Thank you for your quick answer. In fact, my goal is indeed to specify the range of solving for a feasible portfolio. However, I cannot seem to get my head around the syntax of the minmax objective function.

Substituting type = "risk" withtype = "min_max" yields the following output:

> starr.portf <- add.objective(portfolio=init.portf, type="return", name="mean")
> starr.portf <- add.objective(portfolio=starr.portf, type= "min_max", name = "ES", min = 0.05, max = 0.05)
> starr.portf
**************************************************
PortfolioAnalytics Portfolio Specification 
**************************************************

Call:
portfolio.spec(assets = funds)

Number of assets: 4 
Asset Names
[1] "Convertible Arbitrage" "CTA Global"            "Distressed Securities" "Emerging Markets"     

Constraints
Enabled constraint types
        - weight_sum 
        - long_only 

Objectives:
Enabled objective names
        - mean 

I.e., the objective is not being passed through to the portfolio specifications. When I keep starr.portf <- add.objective(portfolio=starr.portf, type="risk", name="ES") there's only one difference: ES is mentioned as an objective again. Also, in the structure of the portfolio.spec the minmax objective doesn't appear:

> str(starr.portf)
[...]
 $ objectives     :List of 1
  ..$ :List of 6
 $ name      : chr "mean"
 $ target    : NULL
 $ arguments : list()
 $ enabled   : logi TRUE
 $ multiplier: num -1
 $ call      : language add.objective(portfolio = init.portf, type = "return", name = "mean")
 - attr(*, "class")= chr "\"return_objective\" \"objective\""
 $ call           : language portfolio.spec(assets = funds)
 - attr(*, "class")= chr [1:2] "portfolio.spec" "portfolio"

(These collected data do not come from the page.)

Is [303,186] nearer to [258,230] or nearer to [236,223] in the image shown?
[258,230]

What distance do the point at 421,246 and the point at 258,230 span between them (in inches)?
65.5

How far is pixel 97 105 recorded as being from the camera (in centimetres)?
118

I tried passing the objective through in the optimization function, but that also gives the same output as before:

`> starr.portf <- add.objective(portfolio=init.portf, type="return", name="mean")
> 
> minmax <- minmax_objective(name = "ES", min = 0.05, max = 0.05)
> 
> max_starr_opt <- optimize.portfolio(R, portfolio=starr.portf, optimize_method="ROI", objectives = list(minmax), maxSTARR=TRUE)
> max_starr_opt
***********************************
PortfolioAnalytics Optimization
***********************************

Call:
optimize.portfolio(R = R, portfolio = starr.portf, objectives = list(minmax), 
    optimize_method = "ROI", maxSTARR = TRUE)

Optimal Weights:
Convertible Arbitrage            CTA Global Distressed Securities      Emerging Markets 
               0.0000                0.4274                0.5626                0.0000 

Objective Measure:
     ES 
0.02176 `

Would love to know what I'm doing wrong. I also checked all the available documentation but couldn't find a demo example with the minmax objective.

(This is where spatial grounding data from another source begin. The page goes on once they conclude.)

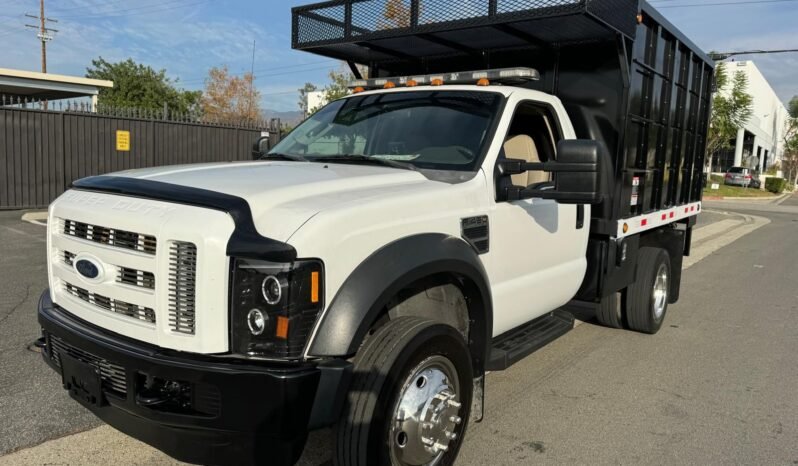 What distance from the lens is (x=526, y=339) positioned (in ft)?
13.2

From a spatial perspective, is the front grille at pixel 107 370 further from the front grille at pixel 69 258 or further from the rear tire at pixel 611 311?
the rear tire at pixel 611 311

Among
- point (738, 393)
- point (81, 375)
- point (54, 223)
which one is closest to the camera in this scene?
point (81, 375)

braverock commented 6 years ago

I don't have time to poke at this right now, but my first guess is that solver ROI doesn't support this for ES.

Expected Shortfall is not guaranteed to be convex in the case where asset returns are non-normal. Convex solvers may provide incorrect results, or may fail to converge in this case.

I'll try to poke at it over the weekend, or perhaps @rossb34 has some input.